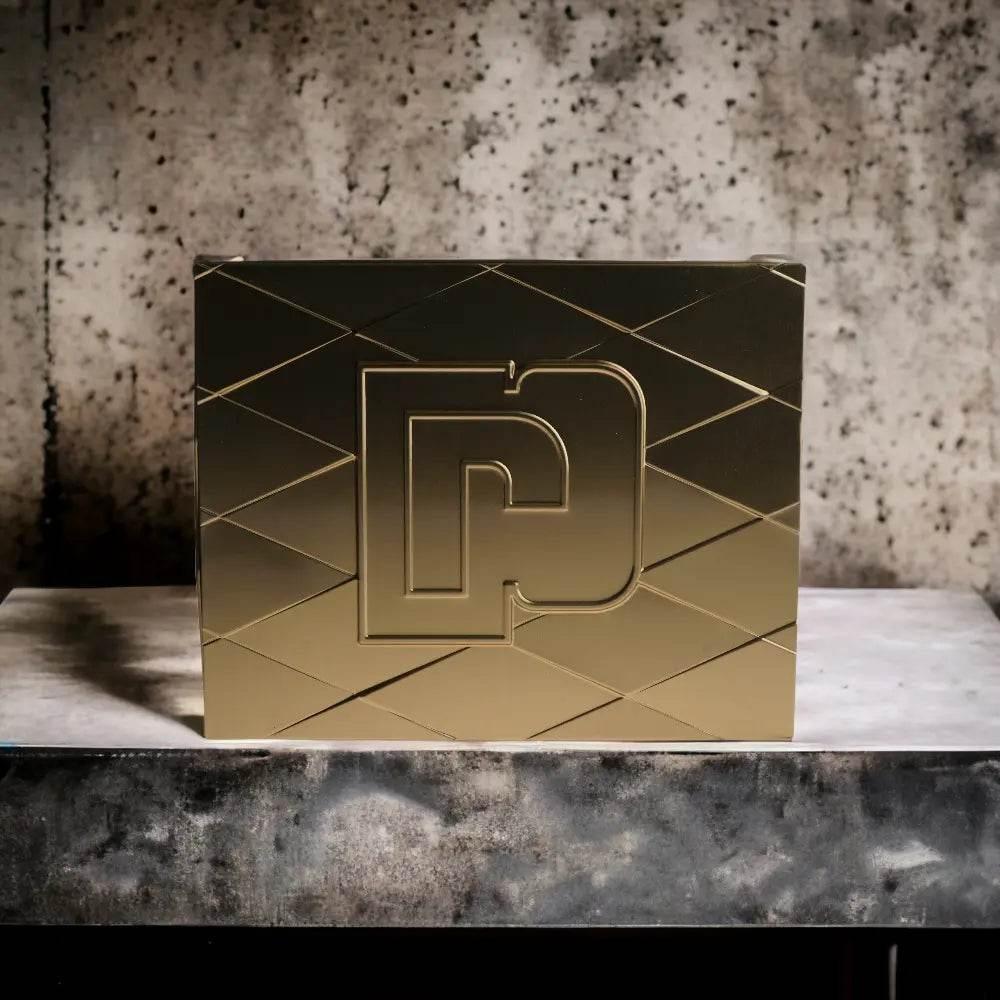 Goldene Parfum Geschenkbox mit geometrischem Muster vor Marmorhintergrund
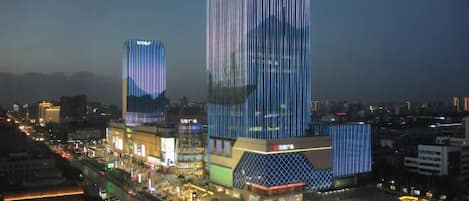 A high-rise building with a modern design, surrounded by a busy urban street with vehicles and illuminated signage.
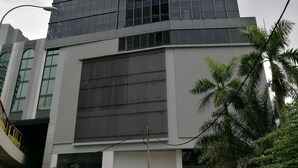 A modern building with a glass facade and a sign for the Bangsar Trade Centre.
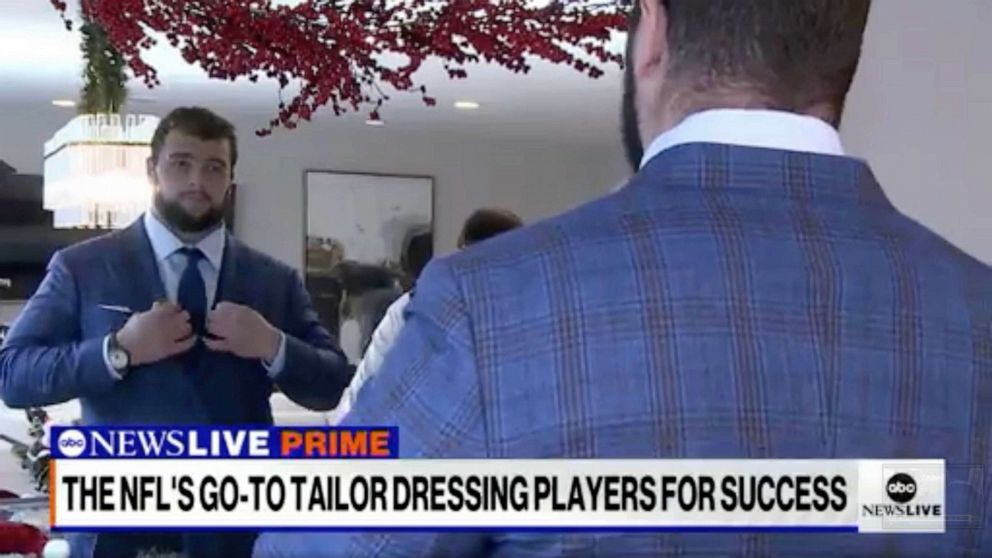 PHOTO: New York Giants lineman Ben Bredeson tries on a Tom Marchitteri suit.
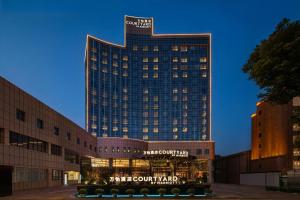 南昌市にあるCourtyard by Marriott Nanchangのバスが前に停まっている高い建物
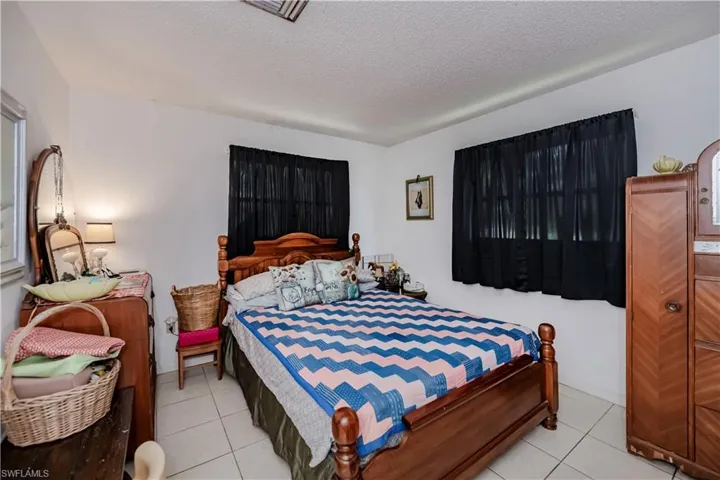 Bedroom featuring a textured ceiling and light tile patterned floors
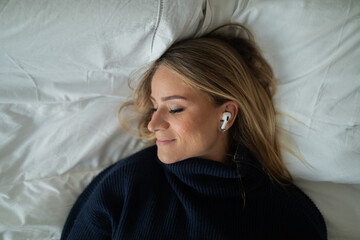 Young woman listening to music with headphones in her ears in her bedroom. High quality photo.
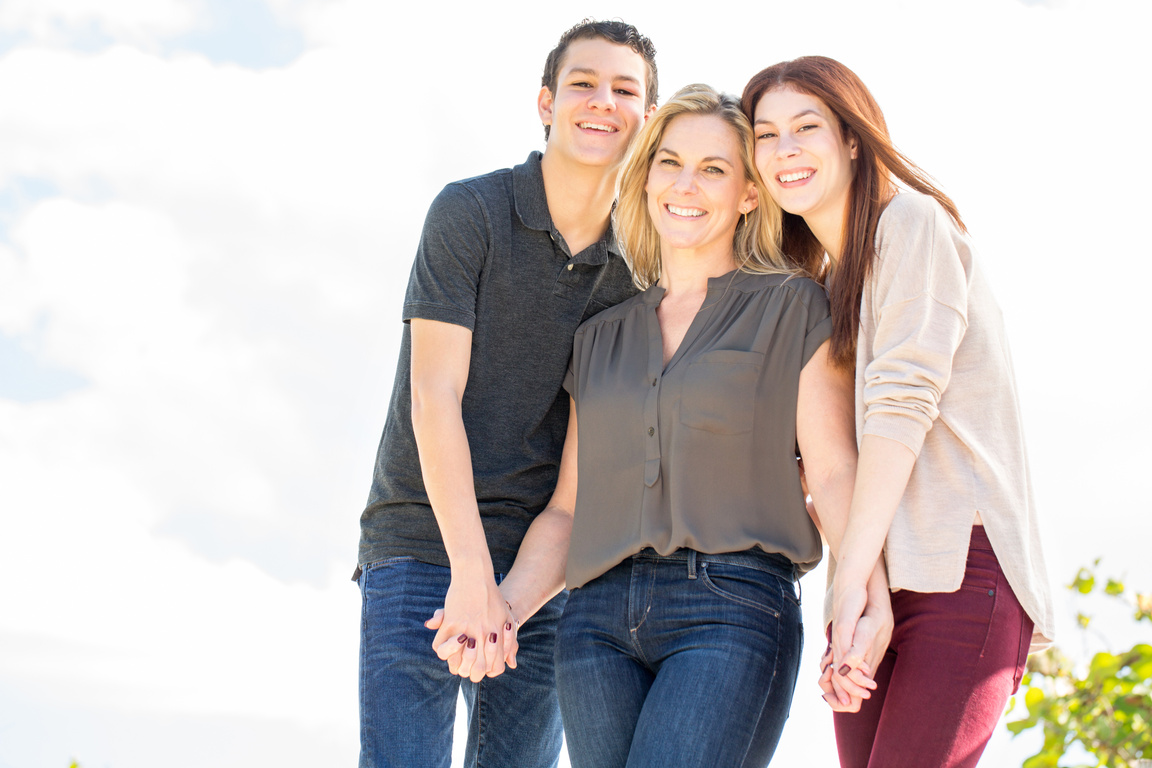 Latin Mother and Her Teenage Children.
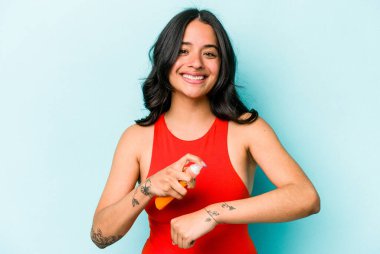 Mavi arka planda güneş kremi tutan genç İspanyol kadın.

● ● ● ●

What to produce:
The expected output is each entry given again word for word, with pictures dropped.

Task output:
 Goldene Parfum Geschenkbox mit geometrischem Muster vor Marmorhintergrund
 A high-rise building with a modern design, surrounded by a busy urban street with vehicles and illuminated signage.
 A modern building with a glass facade and a sign for the Bangsar Trade Centre.
 PHOTO: New York Giants lineman Ben Bredeson tries on a Tom Marchitteri suit.
 南昌市にあるCourtyard by Marriott Nanchangのバスが前に停まっている高い建物
 Bedroom featuring a textured ceiling and light tile patterned floors
 Young woman listening to music with headphones in her ears in her bedroom. High quality photo.
 Latin Mother and Her Teenage Children.
 Mavi arka planda güneş kremi tutan genç İspanyol kadın.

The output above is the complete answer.